The reforms included the establishment of special economic zones, the promotion of foreign investment, and the liberalization of trade policies. These reforms opened up the Chinese economy to the world, creating new opportunities for trade and investment.

What is the primary industry in China? ›

The China primary sector involves cultivation and acquiring raw materials. Common examples are oil extraction, farming and fishing. The China secondary sector relates to the manufacturing and assembly process. Raw materials are transformed into components and assembled in the China secondary sector.

What was a major reason for growth of China's economy? ›

China's strong growth has been based on investment and export-oriented manufacturing, an approach that has largely reached its limits, and has led to economic, social, and environmental imbalances.

What made China's economy grow so fast? ›

The growth of the nonstate sector has been the driving force in China's development. Marketization and opening to the outside world—not industrial policy or protectionism—allowed China to make better use of its resources and widened the range of choices open to people.

What is the main cause of China's recent rapid economic growth? ›

China's strong productivity growth, spurred by the 1978 market-oriented reforms, is the leading cause of China's unprecedented economic performance.

Who controls most of China's economy? ›

China has been a socialist country since 1949, and, for nearly all of that time, the government has played a predominant role in the economy.

How do rich Chinese get money out of China? ›

One popular technique is known as “smurfing.” It involves recruiting people on the mainland who haven't used their legitimate remittance quotas of $50,000. By using many people, the agencies can then use their bank accounts and small individual allowances to funnel large amounts of money outside the country.

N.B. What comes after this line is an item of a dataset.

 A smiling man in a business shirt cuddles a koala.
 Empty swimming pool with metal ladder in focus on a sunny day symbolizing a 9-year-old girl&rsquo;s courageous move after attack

Why is China richer than India? ›

Today, China's productivity is nearly double that of India. While 45% of Indian workers are still in the highly unproductive agriculture sector, China has graduated even from simple, labour-intensive manufacturing to emerge, for example, as a dominant force in global car markets, especially in electric vehicles.

What is the biggest driver of the economy? ›

Consumer spending is the biggest driver of the U.S. economy, and Americans kept their foot on the gas — eating out in restaurants, buying sporting goods, and paying for travel. Personal spending grew at an annual pace of 1.9% in the fourth quarter, only a modest slowdown from the three months before.

What are the three main forces driving the economy? ›

These three forces are: Productivity Growth. Short Term Debt Cycle. Long Term Debt Cycle.

What are 2 drivers of economic growth? ›

Economic growth often is driven by consumer spending and business investment. Tax cuts and rebates are used to return money to consumers and boost spending.

What makes China's economy so strong? ›

China's economic development has been fueled in large part by a sprawling industrial sector, which includes manufacturing, construction, mining, and utilities. In 2021, value-added industrial output accounted for 39 percent of China's GDP—more than double that of the United States (18 percent).

How did China get so big? ›

Under the Qing rule, China expanded beyond the Great Wall and started to annex more territories in process. The Qing invaded Korea, managed to conquer Mongolia, and also annexed modern territories of Xinjiang and Tibet as well.

Why does China have so much debt? ›

Most of this debt came from building infrastructure, much of which is unlikely to generate revenues sufficient to pay off the obligations. With China's trend growth rate notably lower now than it was, it leaves a burden over the long haul.

Top Articles
Latest Posts
Article information

Author: Duane Harber

Last Updated:

Views: 6084

Rating: 4 / 5 (51 voted)

Reviews: 82% of readers found this page helpful

Author information

Name: Duane Harber

Birthday: 1999-10-17

Address: Apt. 404 9899 Magnolia Roads, Port Royceville, ID 78186

Phone: +186911129794335

Job: Human Hospitality Planner

Hobby: Listening to music, Orienteering, Knapping, Dance, Mountain biking, Fishing, Pottery

Introduction: My name is Duane Harber, I am a modern, clever, handsome, fair, agreeable, inexpensive, beautiful person who loves writing and wants to share my knowledge and understanding with you.